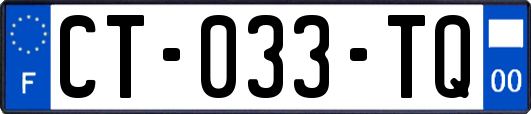 CT-033-TQ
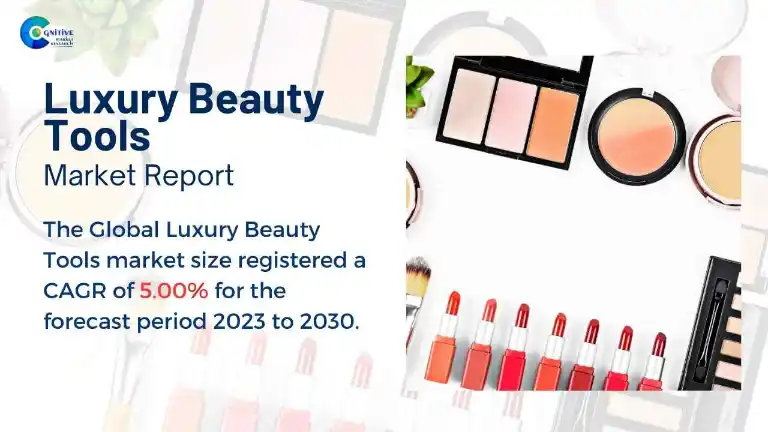 Luxury Beauty Tools Market Report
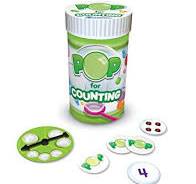 Pop For Counting Game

**Requirement**
Find the line holding "Luxury Beauty Tools Market Report" in the data above. Retype it and every later line exactly, through the end, but not the pictures.

**Task output**
 Luxury Beauty Tools Market Report
 Pop For Counting Game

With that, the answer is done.